Royaume-Uni: Le gouvernement, la police et les médias de droite lancent une chasse aux sorcières contre les manifestants qui dénoncent le génocide israélien

La Police métropolitaine, soutenue par le gouvernement conservateur et les médias de droite, a transformé son offensive contre les manifestations réclamant un cessez-le-feu à Gaza en une chasse aux sorcières maccartiste qui vise des manifestants en particulier.

Les médias ont diffusé des images de deux personnes portant des pancartes.
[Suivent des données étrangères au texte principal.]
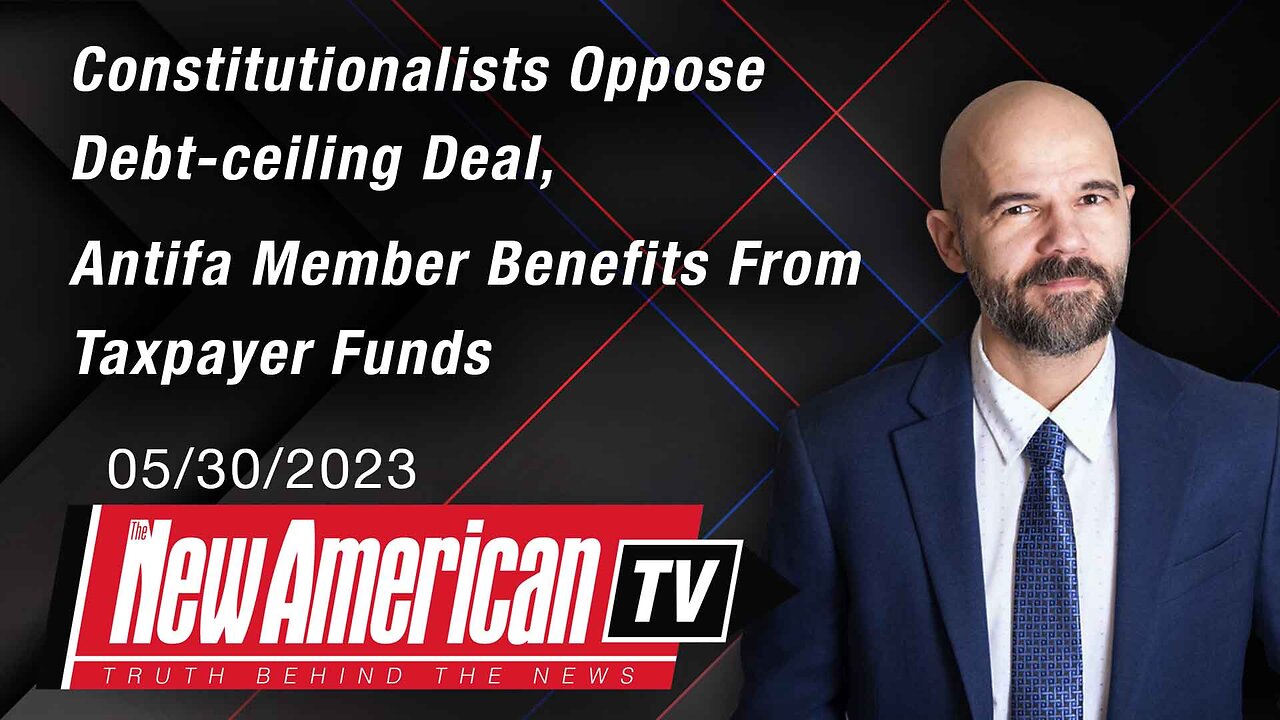 Constitutionalists Oppose Debt Ceiling Deal, Antifa Member Benefits From DHS Grant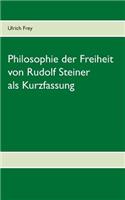 Die Philosophie der Freiheit von Rudolf Steiner als Kurzfassung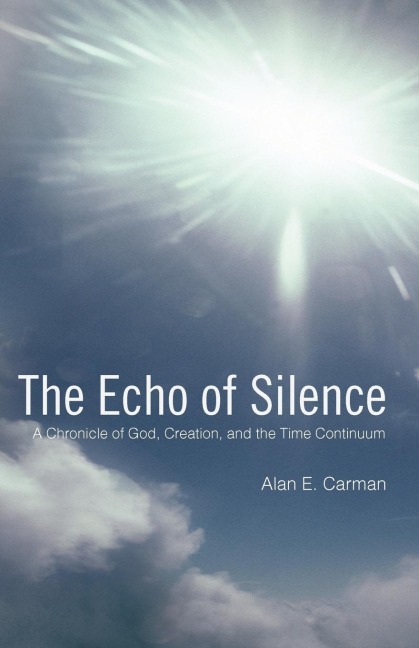 The Echo of Silence: A Chronicle of God, Creation, and the Time Continuum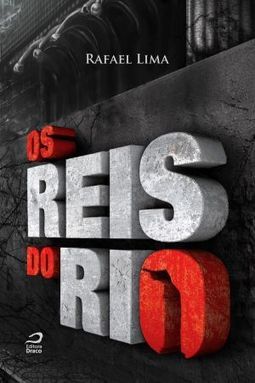 OS REIS DO RIO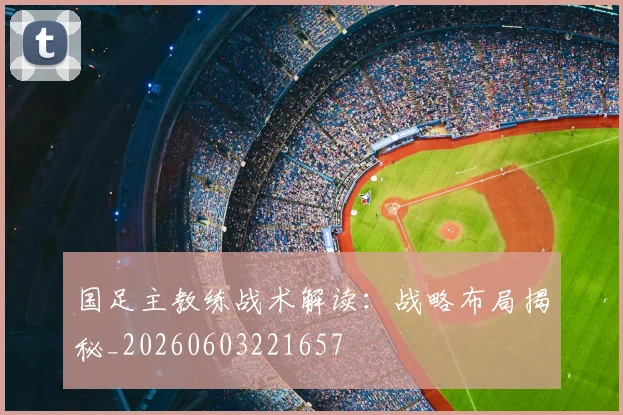 国足主教练战术解读:战略布局揭秘_20260603221657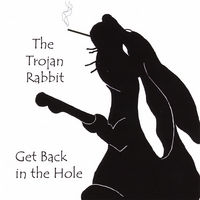 The Trojan Rabbit : Get Back In The Hole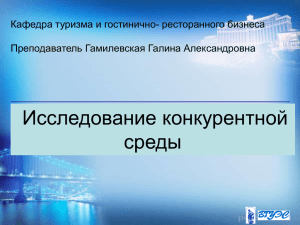 Исследование конкурентной среды Кафедра туризма и гостинично- ресторанного бизнеса Преподаватель Гамилевская Галина Александровна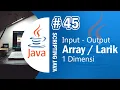 Java 45 - Input Output pada Array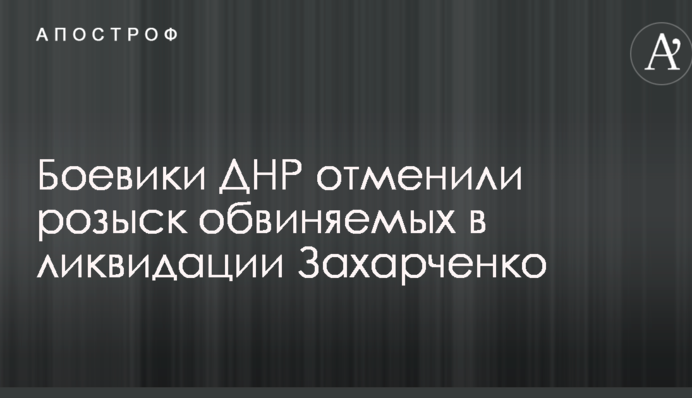 Боевики ДНР отменили розыск обвиняемых в ликвидации Захарченко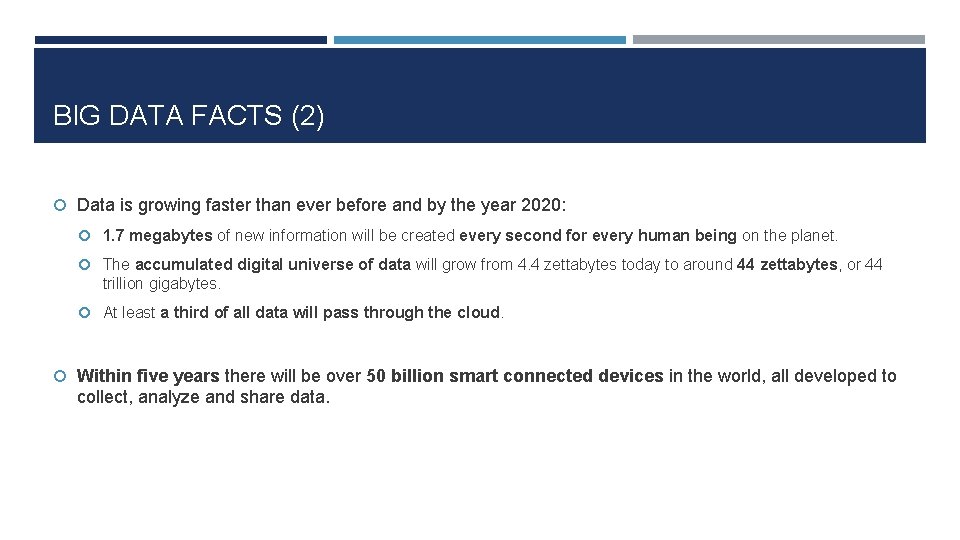 BIG DATA FACTS (2) Data is growing faster than ever before and by the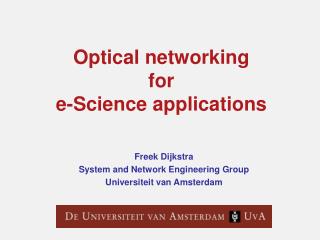 Optical networking for e-Science applications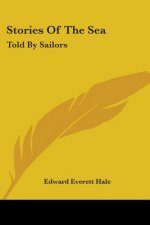 Stories Of The Sea: Told By Sailors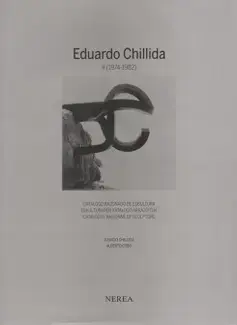 EDUARDO CHILLIDA II  1974-1982 CATALOGUE RAISONNÉ OF SCULPTURE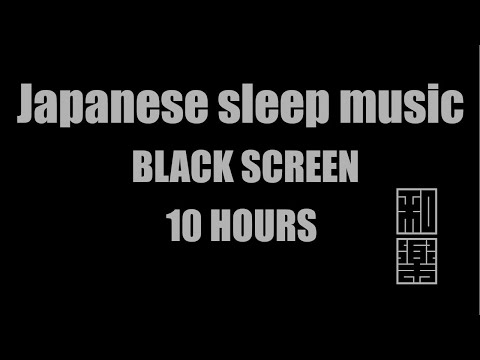 Japanese sleep music🌸 BLACK SCREEN  FOR SLEEPING(10 Hours: NO ADS DURING VIDEO)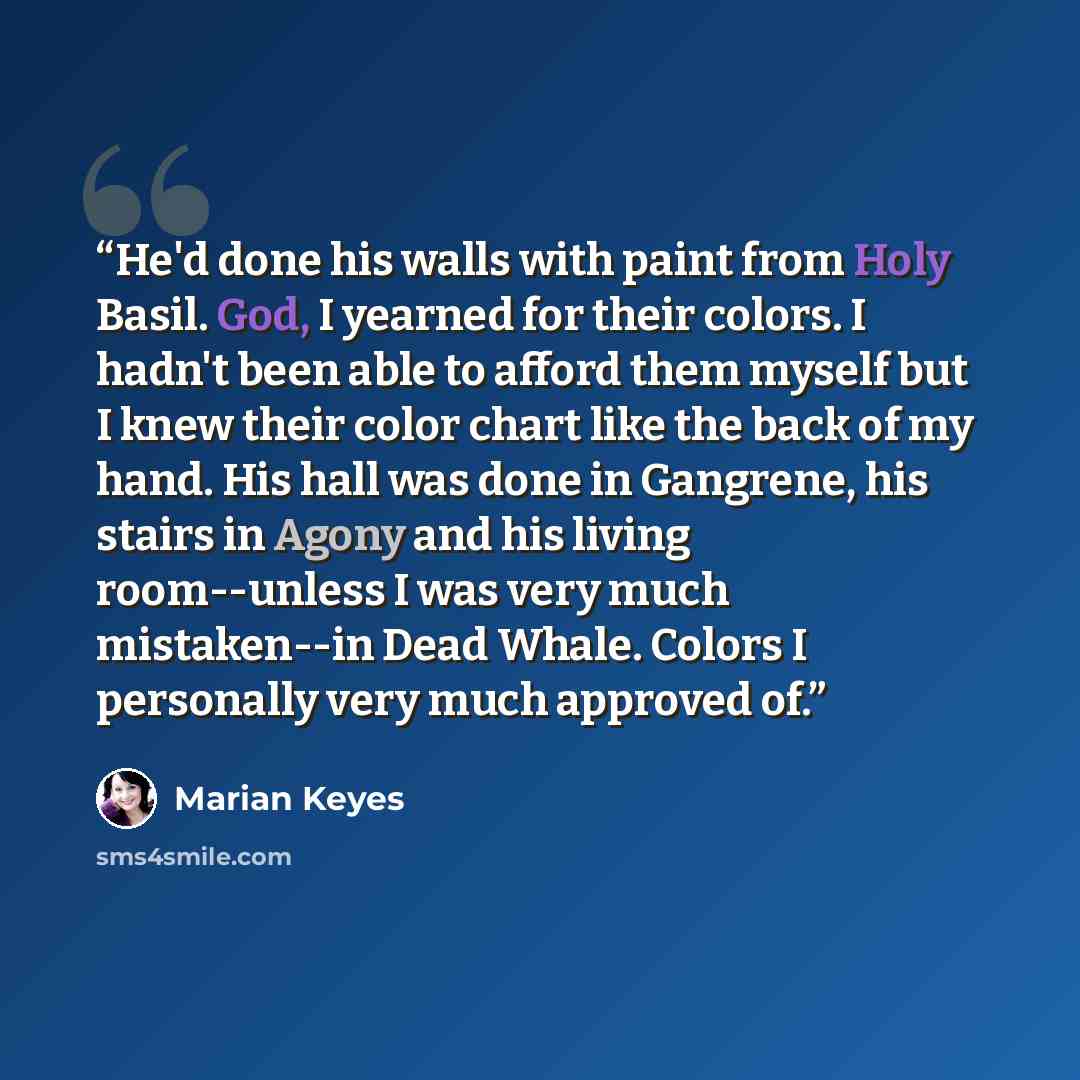 “He'd done his walls with paint from Holy Basil. God, I yearned for their colors. I hadn't been able to afford them myself but I knew their color chart like the back of my hand. His hall was done in Gangrene, his stairs in Agony and his living room--unless I was very much mistaken--in Dead Whale…” quote by Marian Keyes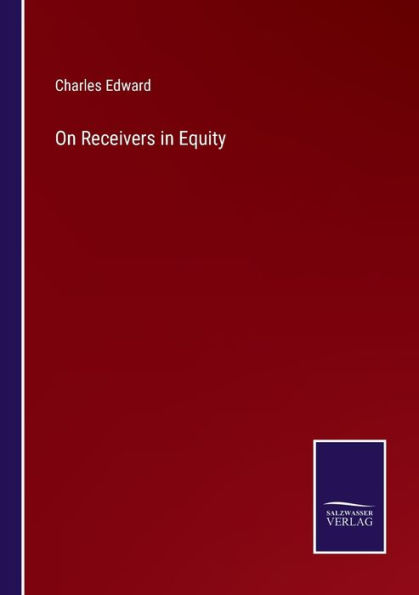 On Receivers Equity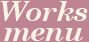 Works Menu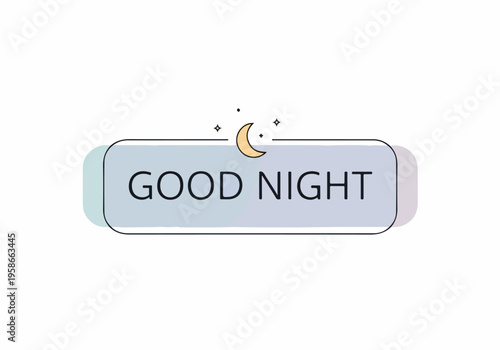 A peaceful night scene with a crescent moon shining down on a sign that reads GOOD NIGHT surrounded by stars.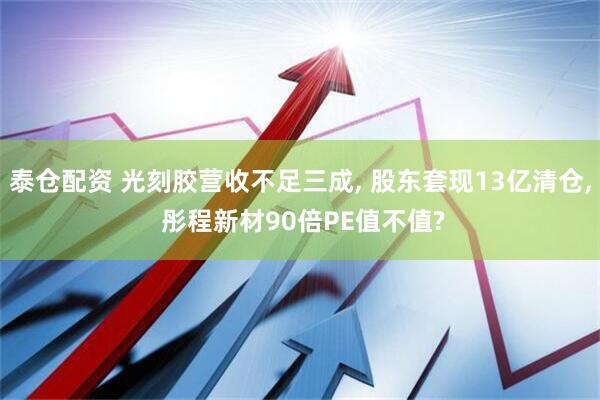 泰仓配资 光刻胶营收不足三成, 股东套现13亿清仓, 彤程新材90倍PE值不值?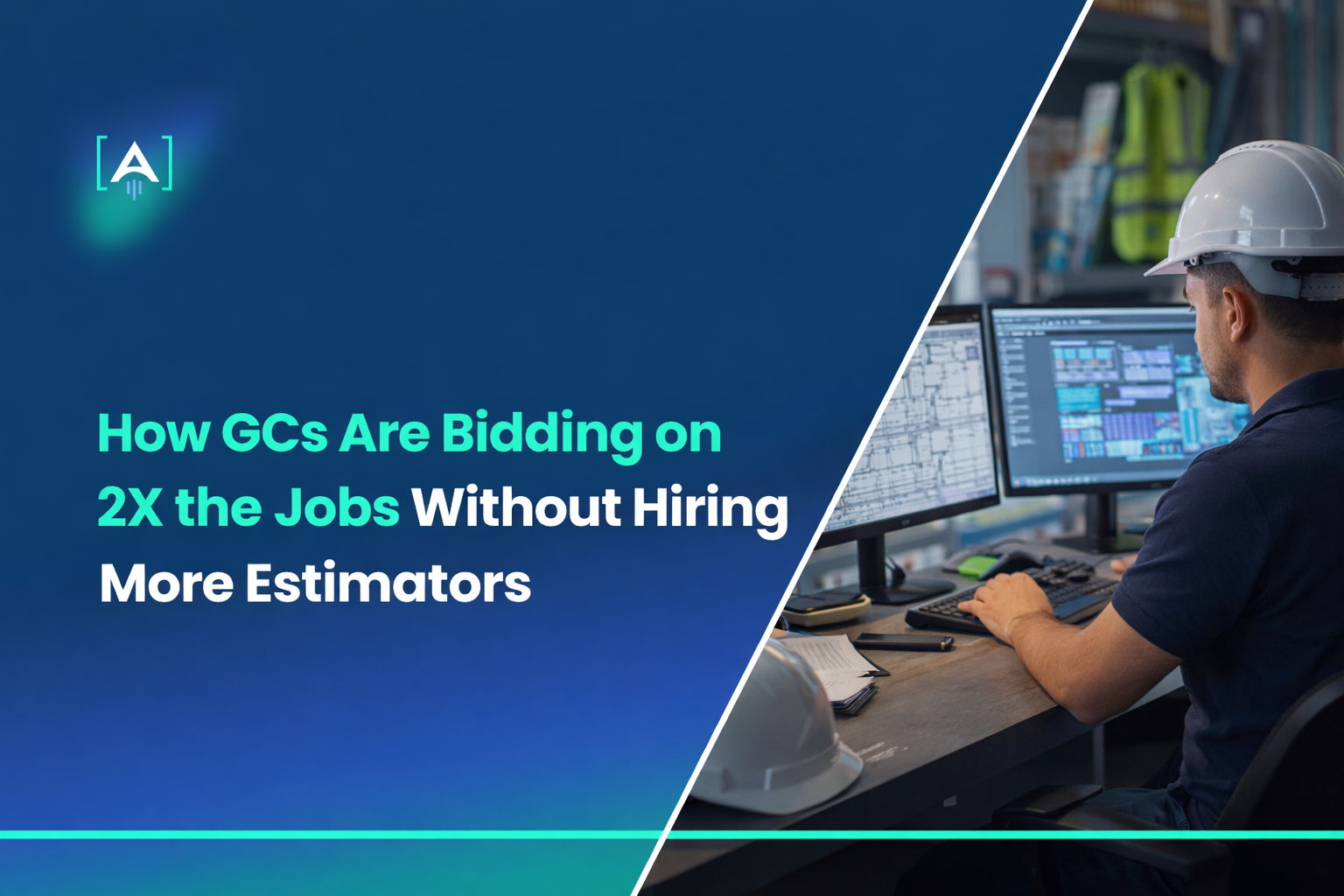 How GCs Are Bidding on 2X the Jobs Without Hiring More Estimators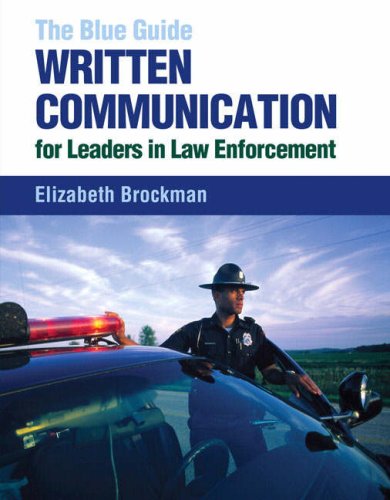 The Blue Guide Written Communication For Leaders In Law Enforcement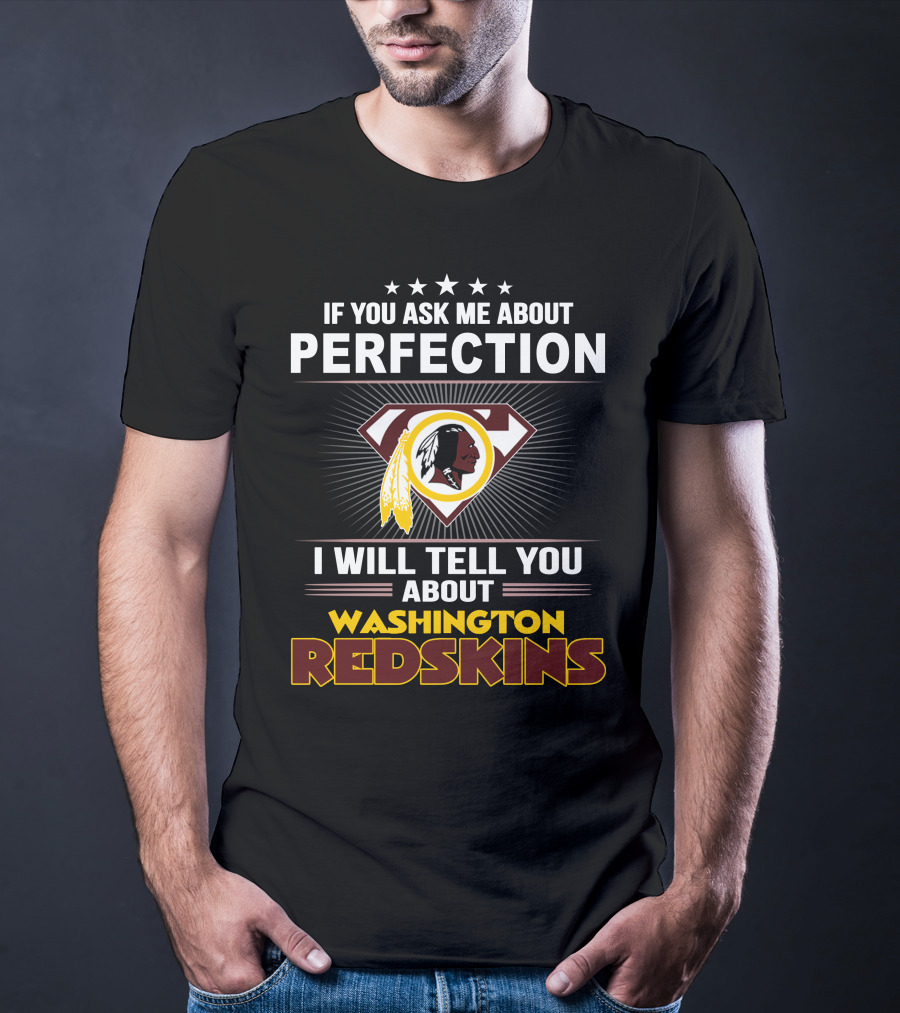 If You Ask Me About Perfection I Will Tell You About Washington Redskins T-Shirt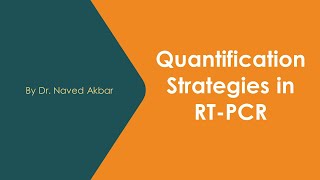 Absolute and Relative Quantification  Quantification Strategies in RTPCR [upl. by Krongold26]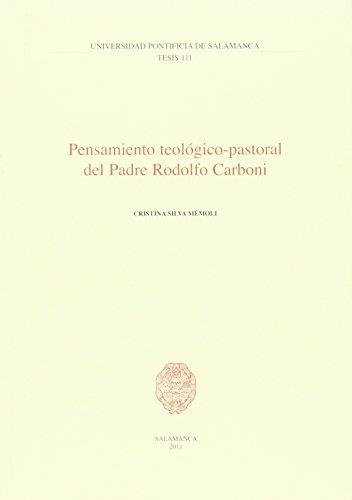 PENSAMIENTO TEOLÓGICO-PASTORAL DEL PADRE RODOLFO CARBONI | 9788472999268 | SILVA MÉMOLI, CRISTINA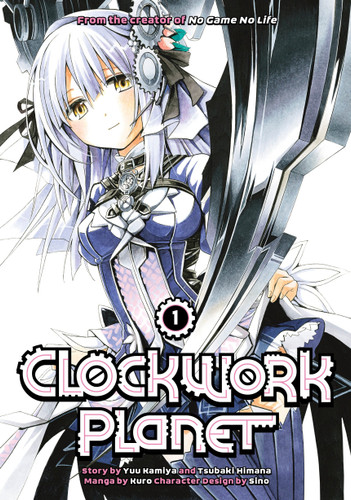 Clockwork Planet 1 (Clockwork Planet) book cover by Tsubaki Himana, Yuu Kamiya
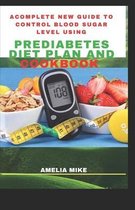 A Complete New Guide To Control Blood Sugar Level Using Prediabetes Diet Plan And Cookbook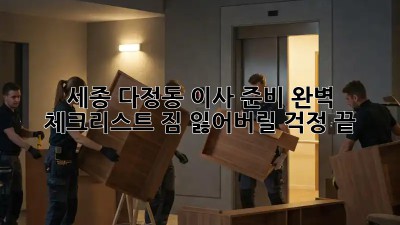 세종 다정동 이사 준비 완벽 체크리스트: 짐 잃어버릴 걱정 끝!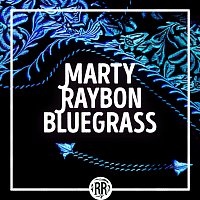 Marty Raybon – Marty Raybon Bluegrass
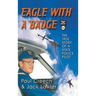Eagle with a Badge: The True Story of a State Police Pilot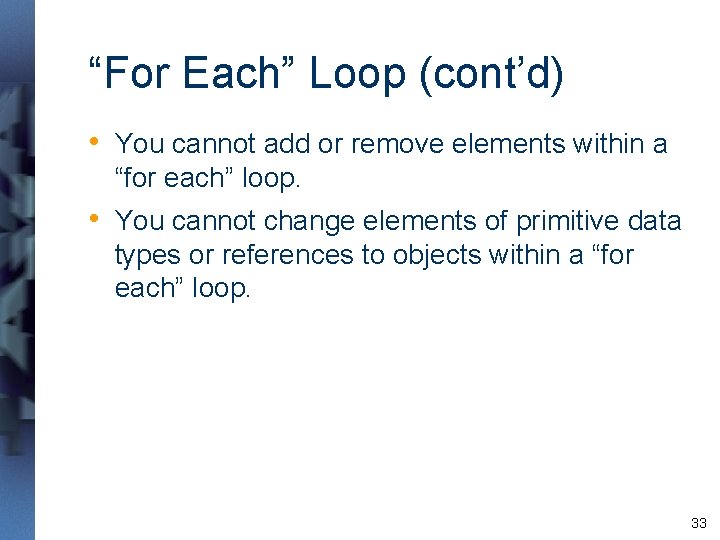 “For Each” Loop (cont’d) • You cannot add or remove elements within a “for “For Each” Loop (cont’d) • You cannot add or remove elements within a “for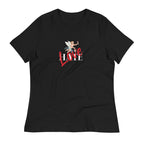 Love Over Hate Women's Relaxed T-Shirt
Ils étaient présents lors de la grande manifestation de samedi à Londres, qui a rassemblé 800.000 personnes.

Capture d’écran du site web du Times montrant deux manifestantes avec des pancartes dans le cadre de la chasse aux sorcières menée par les médias [Photo: screenshot: The Times web site]

L’une d’entre elles, assimilant les actions du gouvernement israélien à celles des nazis, montrait l’étoile de David entrelacée avec une croix gammée et les mots suivants: «Aucun homme politique britannique ne devrait être un “ami d’Israël”».

L’autre pancarte artisanale représentait le Premier ministre Rishi Sunak et l’ex-ministre de l’Intérieur Suella Braverman sous forme de noix de coco. Cette référence au fait qu’ils sont «blancs à l’intérieur» est considérée comme un «crime haineux» passible de poursuites contre les deux bellicistes qui ont tenté d’interdire la manifestation.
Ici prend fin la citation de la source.